An exact copy is required of the lines running from the one that contains "Load image into" to the end of the material, both ends included, with pictures omitted.

========================================================================

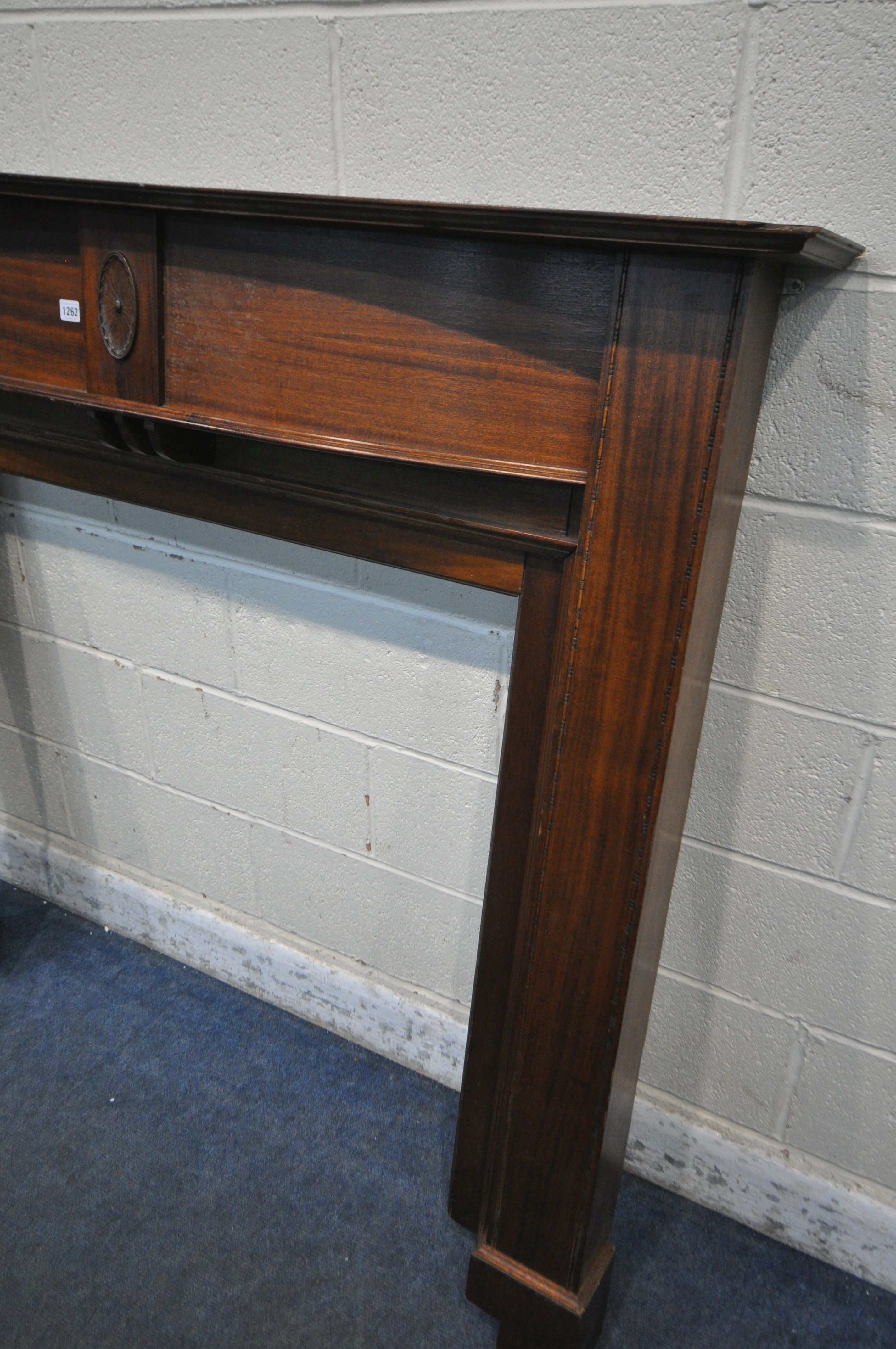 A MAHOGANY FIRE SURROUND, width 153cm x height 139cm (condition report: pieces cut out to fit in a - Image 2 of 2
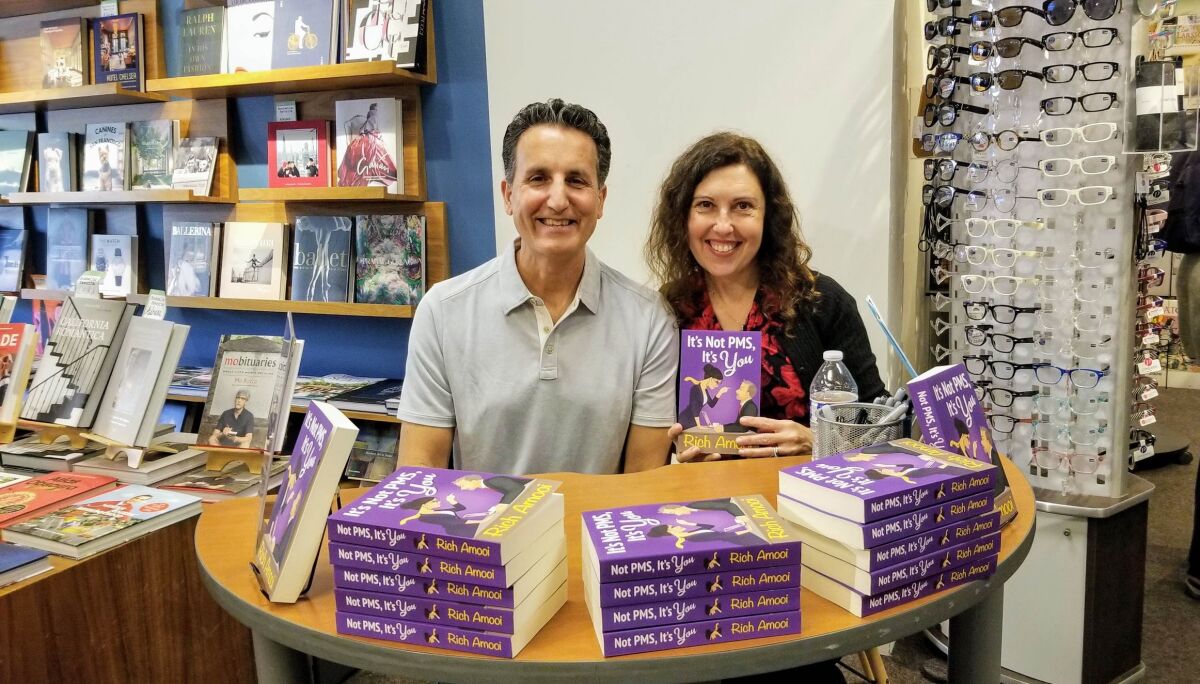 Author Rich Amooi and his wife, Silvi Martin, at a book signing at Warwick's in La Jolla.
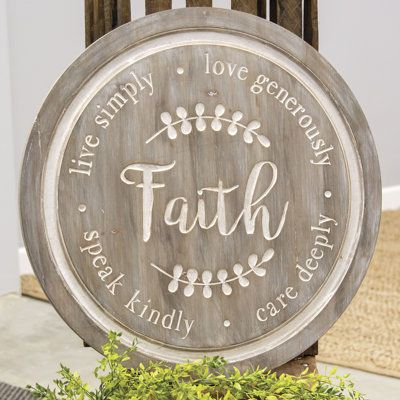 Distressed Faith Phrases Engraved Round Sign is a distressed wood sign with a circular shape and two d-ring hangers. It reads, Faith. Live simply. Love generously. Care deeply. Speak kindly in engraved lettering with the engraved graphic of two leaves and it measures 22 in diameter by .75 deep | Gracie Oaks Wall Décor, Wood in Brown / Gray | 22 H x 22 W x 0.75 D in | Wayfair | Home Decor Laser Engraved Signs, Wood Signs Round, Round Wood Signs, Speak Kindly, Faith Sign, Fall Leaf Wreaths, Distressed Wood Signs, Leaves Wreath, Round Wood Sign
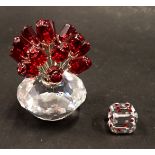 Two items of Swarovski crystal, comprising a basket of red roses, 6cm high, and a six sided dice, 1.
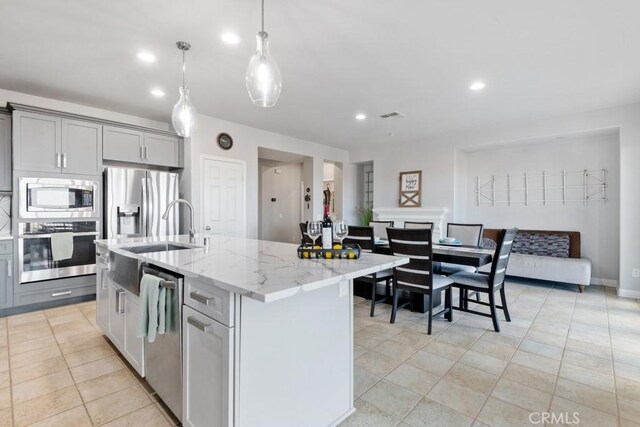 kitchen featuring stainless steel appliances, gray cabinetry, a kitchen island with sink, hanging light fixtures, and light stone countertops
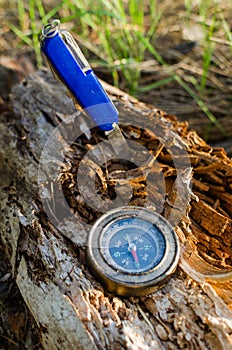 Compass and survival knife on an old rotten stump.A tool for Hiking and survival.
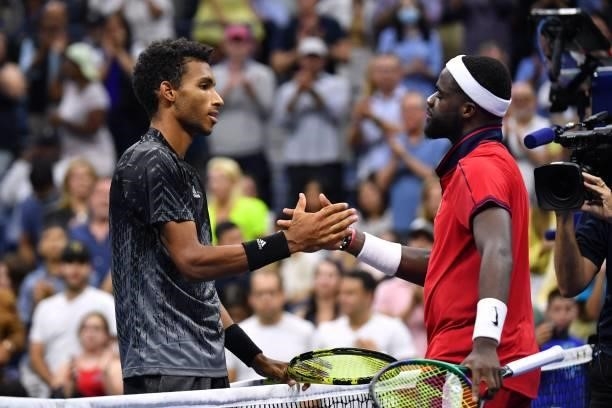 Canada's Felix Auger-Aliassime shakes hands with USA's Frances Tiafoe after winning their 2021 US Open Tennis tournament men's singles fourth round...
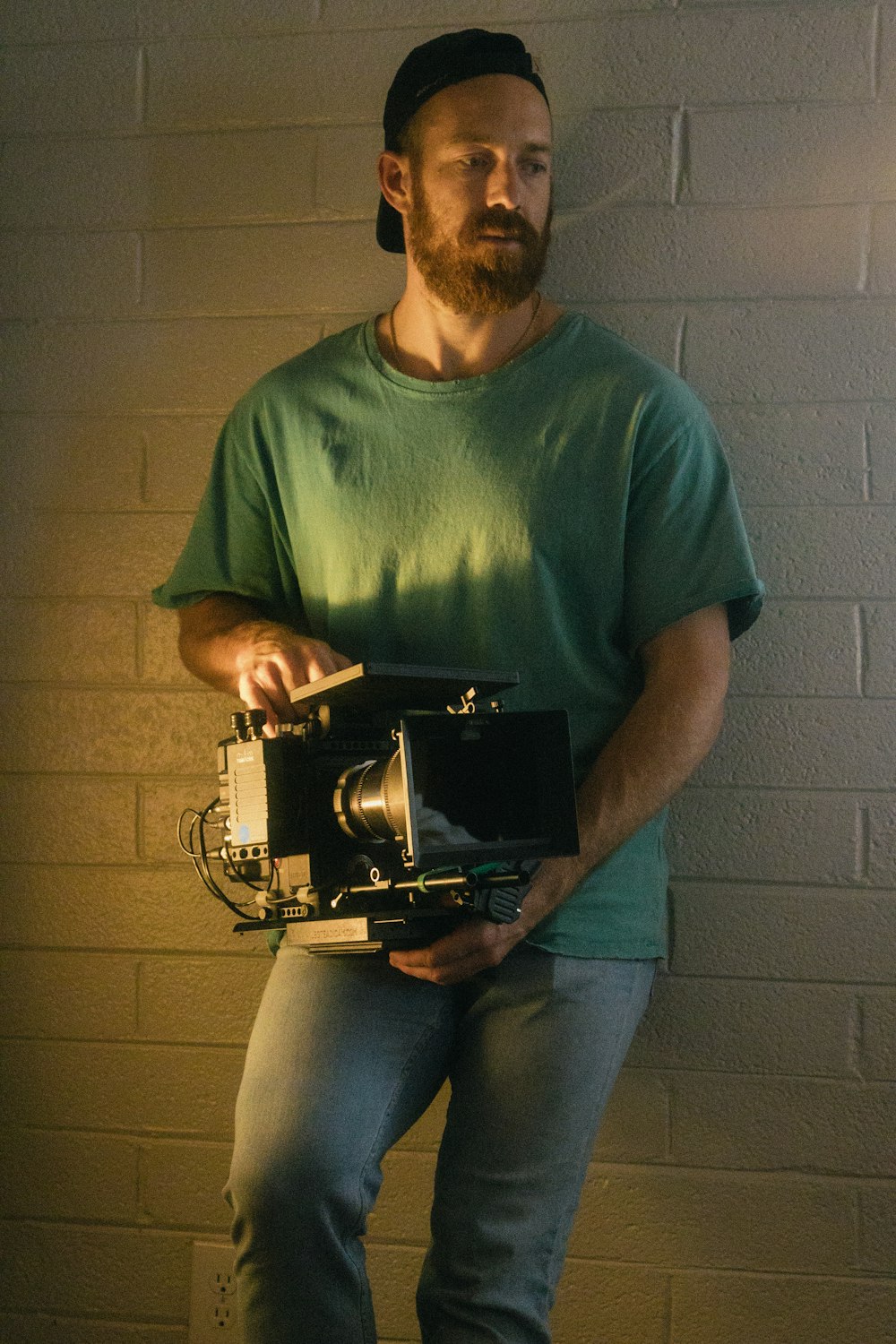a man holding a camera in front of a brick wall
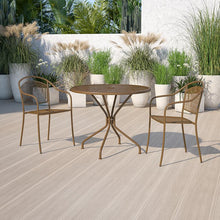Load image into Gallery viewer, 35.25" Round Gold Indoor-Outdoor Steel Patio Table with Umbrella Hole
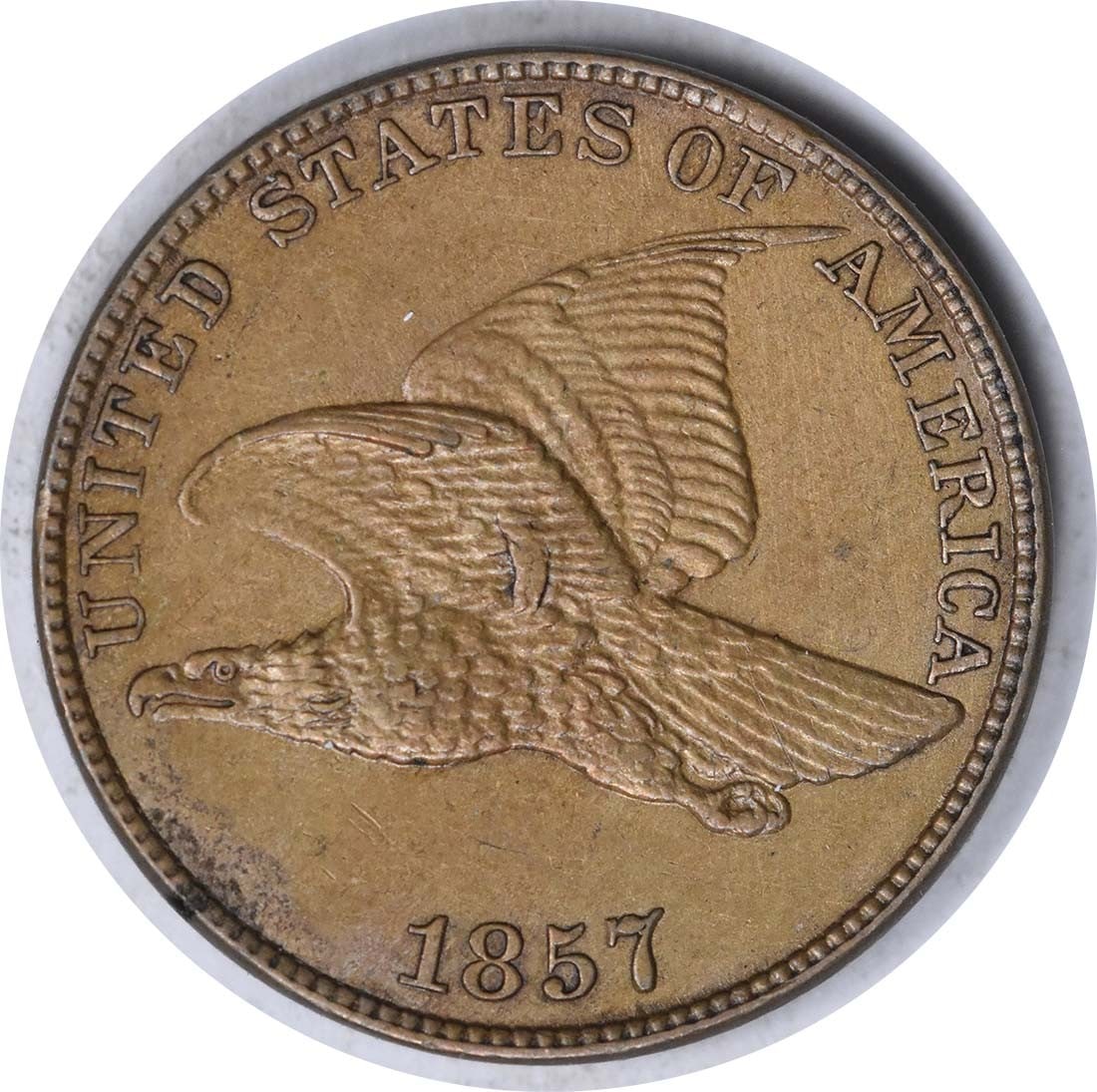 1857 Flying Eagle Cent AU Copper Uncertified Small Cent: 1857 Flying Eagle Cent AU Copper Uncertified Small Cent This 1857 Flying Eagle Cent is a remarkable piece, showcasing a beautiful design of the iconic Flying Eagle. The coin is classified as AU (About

========================================================================

ANSWER TO THE EXERCISE:
Load image into Gallery viewer, 35.25" Round Gold Indoor-Outdoor Steel Patio Table with Umbrella Hole
 1857 Flying Eagle Cent AU Copper Uncertified Small Cent: 1857 Flying Eagle Cent AU Copper Uncertified Small Cent This 1857 Flying Eagle Cent is a remarkable piece, showcasing a beautiful design of the iconic Flying Eagle. The coin is classified as AU (About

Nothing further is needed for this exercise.